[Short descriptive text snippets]
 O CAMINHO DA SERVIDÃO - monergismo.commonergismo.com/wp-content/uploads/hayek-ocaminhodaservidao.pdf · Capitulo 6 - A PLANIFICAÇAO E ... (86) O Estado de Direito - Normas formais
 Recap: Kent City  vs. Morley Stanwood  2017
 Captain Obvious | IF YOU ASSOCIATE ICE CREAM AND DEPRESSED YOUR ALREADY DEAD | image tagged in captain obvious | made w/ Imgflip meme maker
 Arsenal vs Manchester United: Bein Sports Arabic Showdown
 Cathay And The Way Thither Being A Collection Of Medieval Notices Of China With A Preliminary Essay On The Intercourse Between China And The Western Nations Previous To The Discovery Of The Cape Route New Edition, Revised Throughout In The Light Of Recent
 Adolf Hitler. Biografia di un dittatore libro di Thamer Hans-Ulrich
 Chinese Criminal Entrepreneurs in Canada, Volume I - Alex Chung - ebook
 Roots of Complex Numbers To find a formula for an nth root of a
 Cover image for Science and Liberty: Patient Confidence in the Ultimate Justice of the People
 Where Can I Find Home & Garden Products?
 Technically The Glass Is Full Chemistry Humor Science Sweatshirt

:: TASK STATEMENT ::
With the line containing "Adolf Hitler. Biografia" as the first and the last line of the data as the final one, copy every line between them exactly, those two included.

:: SOLUTION ::
 Adolf Hitler. Biografia di un dittatore libro di Thamer Hans-Ulrich
 Chinese Criminal Entrepreneurs in Canada, Volume I - Alex Chung - ebook
 Roots of Complex Numbers To find a formula for an nth root of a
 Cover image for Science and Liberty: Patient Confidence in the Ultimate Justice of the People
 Where Can I Find Home & Garden Products?
 Technically The Glass Is Full Chemistry Humor Science Sweatshirt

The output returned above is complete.